'God's Crucible' isn't up to the challenge
Lewis sets out to show that the failure of what he calls "the jihad east of the Pyrenees" is "one of the most significant losses in world history." He argues that the Frankish defeat of the Islamic invaders at Poitiers in 732 and the subsequent poetic glorification of Roland's sacrifice to cover Charlemagne's retreat from his own incursion into Spain were "pivotal moments in the creation of an economically retarded, balkanized and fratricidal Europe that, by defining itself in opposition to Islam, made virtues out of hereditary aristocracy, persecutory religious intolerance, cultural particularism and perpetual war ... 'winning' at Poitiers actually meant that the economic, scientific and cultural levels that Europeans attained in the 13th century could almost certainly have been achieved more than three centuries earlier had they been included in the Muslim world empire."
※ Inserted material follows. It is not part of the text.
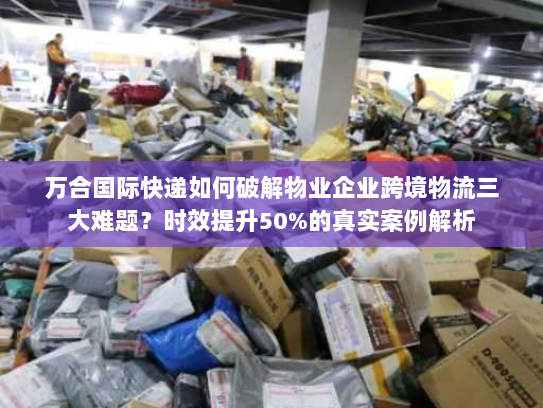 万合国际快递如何破解物业企业跨境物流三大难题?时效提升50%的真实案例解析 万合国际快递如何破解物业企业跨境物流三大难题?时效提升50%的真实案例解析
In other words, the West would be better off if it had been incorporated into an all-conquering Islamic empire in the early Middle Ages.
OK.
Still, it's fair to wonder why, if that's true, the West ended up with the Renaissance, the Enlightenment, the Industrial Revolution and the Scientific Revolution, and the Islamic world got chronic underdevelopment, a pervasive religious obscurantism, al-Qaida and the trust-fund states of the Arabian peninsula. It's also fair to point out that both the Muslim philosopher Averroes and the Jewish philosopher-physician Maimonides were sent fleeing by Islamic fundamentalists and not the Christian Reconquista. Moreover, the Carolingian incursion into Spain was a response to an invitation by Saracen grandees fearful of Abd al-Rahman's expanding hegemony.
An impeccably democratic, humane scholar, Lewis has an understanding of the origins and failures of European civilization that far surpasses his knowledge of Islam.